For a moment I admired the elegance of it. It’s like protesting traffic while idling your car in the intersection. There is a symmetry there. A kind of performance art….


To be clear, this is not an argument about artificial intelligence. You can like it. You can distrust it. You can believe it will usher in a renaissance or summon mechanized doom. That’s not today’s broadcast.


Today’s broadcast concerns a more durable phenomenon: the modern art of being Against.

Being Against is efficient. It requires no prototype. It requires no budget. It does not require testing, iteration, staffing, or long-term upkeep. It has no customer service line.

It requires only a declarative sentence and reliable Wi-Fi.

“This is bad.”
“This is ruining everything.”
“This is killing creativity.”
“This is the end.”

Compelling language. Very decisive. No follow-up questions necessary.

In the case of our AI story, that decisiveness arrives courtesy of the very systems being condemned.

The remarkable thing is how frequently these declarations are delivered from devices built by automated logistics systems, posted on algorithmically curated platforms, amplified by recommendation engines, and corrected by predictive text systems that quietly collaborate in every sentence.

But we are not here to split hairs.

The broader issue is not hypocrisy. Hypocrisy is an old and durable human habit. The broader issue is intellectual laziness.

If a person announces that a tool is corrosive, one might reasonably ask:
In what way?
Under what conditions?
Compared to what baseline?
What replaces it?
How do we transition?
Who absorbs the cost?

These questions are not hostile. They are simply the beginning of seriousness.

Unfortunately, seriousness is labor-intensive.

It is far easier to issue a condemnation than to draft a replacement. It is far safer to critique than to construct. Construction can fail. Construction can embarrass you. Construction invites feedback.

Critique floats above all that, untouched.

And so we arrive at a curious modern dynamic: entire conversations conducted in the key of opposition. Entire identities constructed around what is rejected. Entire feeds populated by declarations of what must not be done.

There is, notably, less conversation about what should be done instead.

This is where the builder and the perpetual critic part ways.

The builder says:
Here is the attempt. It is flawed. Improve it.

The critic says:
This should not exist.

The builder risks being wrong.

The critic risks nothing.


Now, skepticism is healthy. Every technology deserves scrutiny. Every system deserves inspection. Some deserve dismantling. But dismantling without design is just theater.

If someone believes a tool diminishes creativity, excellent. Define creativity. Establish standards. Propose guardrails. Suggest alternative structures that preserve human agency while addressing the underlying need the tool was built to solve.
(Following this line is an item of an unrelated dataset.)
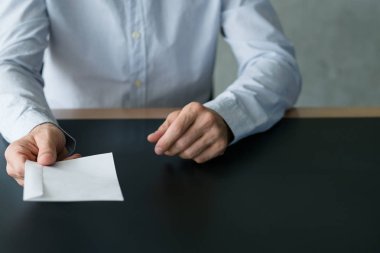 beyaz zarf geçen iş yazışmaadam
If someone believes a system threatens labor, good. Draft policy. Outline cooperative ownership models. Identify leverage points.

If someone sees a problem but cannot yet see a solution, there is still an honorable path: ask better questions. Invite collaboration. Admit uncertainty.

What does not qualify as participation is endless denunciation.

Opposition is easy. Replacement is hard.

There is prestige in being perpetually Against. It signals purity. It avoids compromise. It carries no maintenance burden. You never have to debug it. You never have to staff it. You never have to defend it when it meets reality.

But a culture run entirely by critics eventually produces nothing but commentary.

And commentary, while entertaining, does not build bridges, publish libraries, grow food, or fix code.

So here is the modest proposal from tonight’s broadcast:

If you object to something, articulate what improves it.

If you reject something, outline what replaces it.

If you cannot yet do either, ask questions until you can.

Otherwise, you may discover that what you are contributing is not insight — but volume.

And volume, despite widespread adoption, has never been a substitute for thought.

We now return you to your regularly scheduled programming, already optimized for engagement.